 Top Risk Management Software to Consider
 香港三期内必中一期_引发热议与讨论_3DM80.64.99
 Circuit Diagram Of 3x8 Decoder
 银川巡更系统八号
============================================================
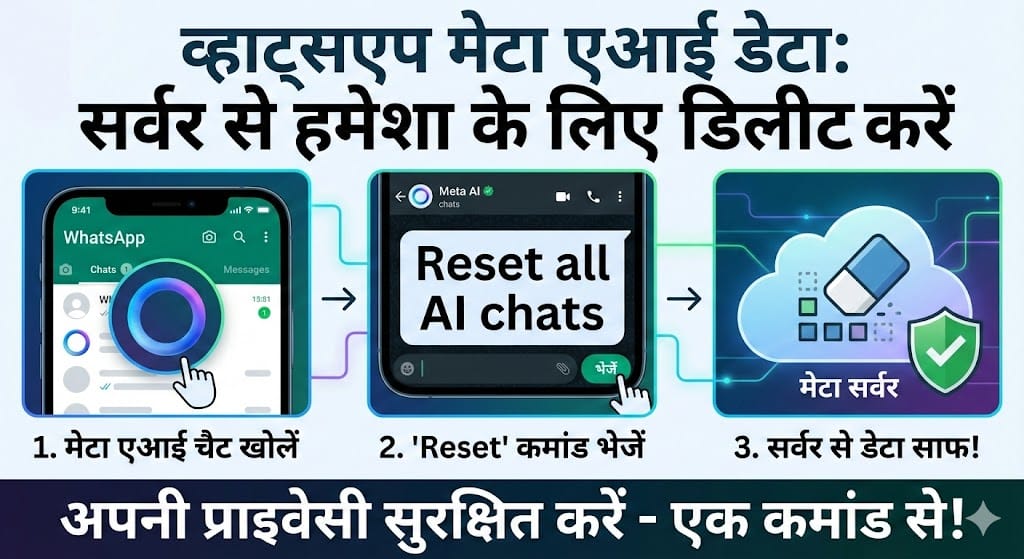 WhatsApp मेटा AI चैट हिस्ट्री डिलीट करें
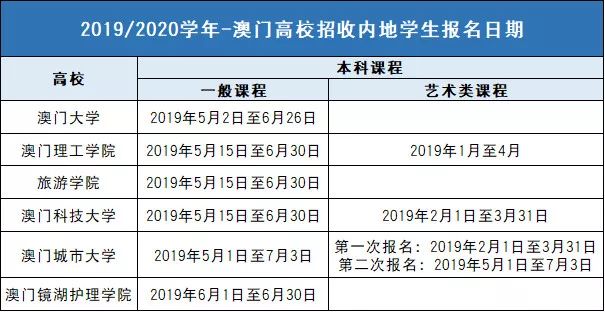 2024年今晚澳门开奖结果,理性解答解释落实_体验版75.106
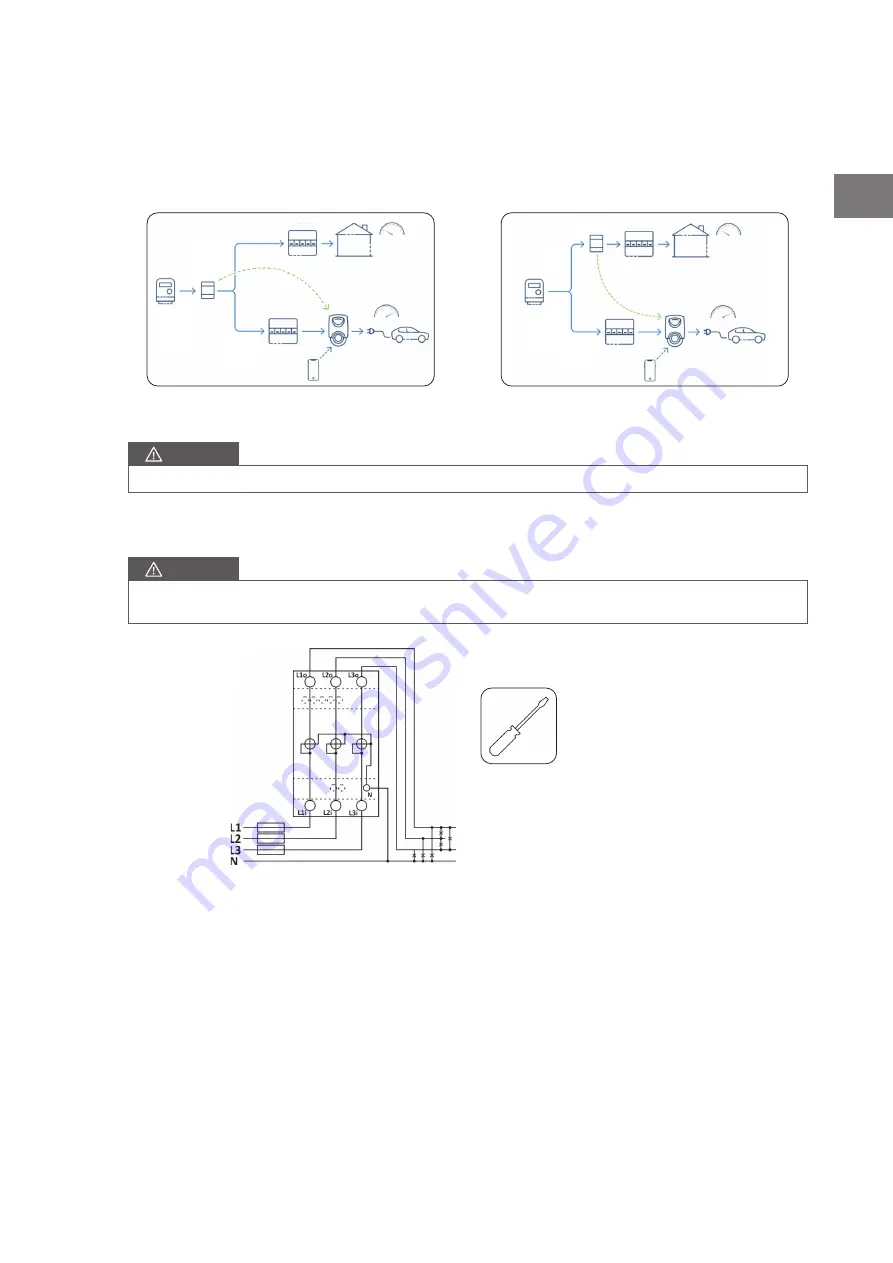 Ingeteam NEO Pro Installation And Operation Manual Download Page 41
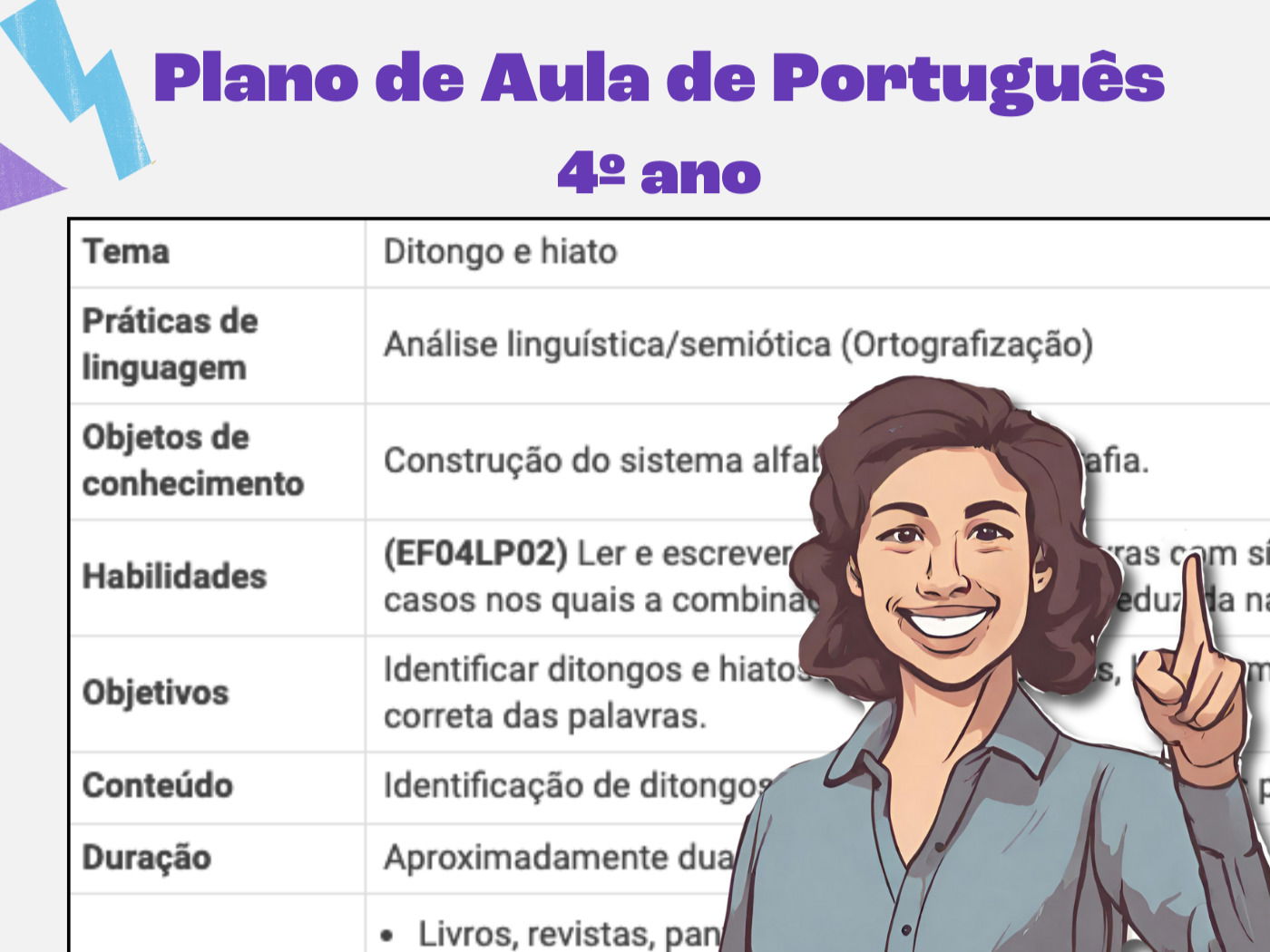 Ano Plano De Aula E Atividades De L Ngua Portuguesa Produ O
============================================================
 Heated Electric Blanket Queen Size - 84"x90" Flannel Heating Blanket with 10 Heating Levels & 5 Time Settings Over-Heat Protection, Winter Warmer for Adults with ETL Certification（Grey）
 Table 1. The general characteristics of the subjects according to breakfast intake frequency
============================================================
| WORK TASK |
Of the entries above, transcribe exactly those lines that fall between the line containing "Heated Electric Blanket" and the line containing "Table 1. The", together with those two lines.

| SOLUTION TO THIS TASK |
 Heated Electric Blanket Queen Size - 84"x90" Flannel Heating Blanket with 10 Heating Levels & 5 Time Settings Over-Heat Protection, Winter Warmer for Adults with ETL Certification（Grey）
 Table 1. The general characteristics of the subjects according to breakfast intake frequency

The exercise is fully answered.